Last week I facilitated a Rest in the Moment retreat that has had me thinking a lot about the need to pause at regular intervals throughout the day for prayer and refreshment, something that to be honest I am not always good at myself. This prayer came out of my reflections.
What is your response?
Read through the prayer slowly allowing it to center your life and open your mind to be receptive to what God might say to you. Now I ask you to follow along as I unpack my own responses to each sentence and then sit for a moment and ask yourself: What is my response? What surfaces in your mind as you read through this prayer and sit in the presence of God with it? Write down what you sense God is saying to you. What responses is God asking of you?
Open yourself to the God who is present all around: As I sit in God’s presence and open myself to God’s movement in the world around me, it is the pain of the world that surfaces for me – the recent shooting in Oregon; the ongoing pain of my African American friends who face ongoing violence in so many aspects of the society in which they live, the refugees who are fleeing from violence and often exposed to violence as they run, those who are victims of domestic violence. There are so many painful and violent situations that come to my mind. I lift these up in prayer, aware of my helplessness to change the situation.

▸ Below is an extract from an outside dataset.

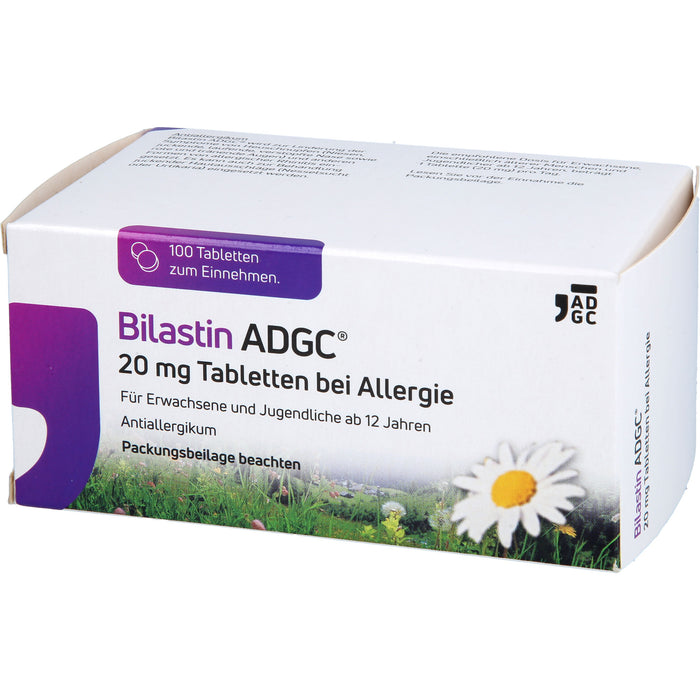Bilastin ADGC 20 mg Tabletten bei Allergie, 100 pc Tablettes
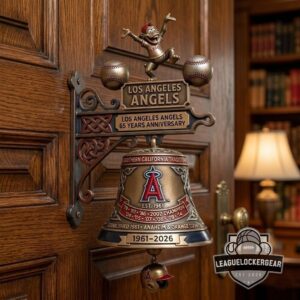 Los Angeles Angels 65 Years Anniversary 1961-2026 Wall Bell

Take time to notice the markers of God’s abiding presence, rejoice in God’s activity in you, in others, in our world. It is easy to be overwhelmed with the pain, but where are the God sightings, the joy moments that assure me God is present? These are what I like to focus on – the young man who ran to overpower the gunman in Oregon and was shot as a result, the people like Leroy and Donna Barber who work constantly to help us understand and overcome racism; organizations like World Relief that work with refugees around the world. These are the markers, the sign posts that tell me God is indeed at work in our world.
Pause to acknowledge how far you have come on the journey towards life. My responses are so different from what they once would have been. Now I respond with compassion and I hope, the love of God, once I would have responded with fear, anger and judgement. I sit and thank God for the journey that has led me this far.
Hold onto the signs that point us onwards along the pilgrim path, leading us towards the still centre into the heart of the One who makes all things new. I rest today secure in the fact that God is still leading me. I know there is much in my life that needs to continue to change. There are many places in which my heart is still not aligned with God’s, but I continue to walk and I hold onto the signposts that direct me – the scriptures that continue to speak to me, the friends that support me, the strangers that make me uncomfortable in places I need to be prodded.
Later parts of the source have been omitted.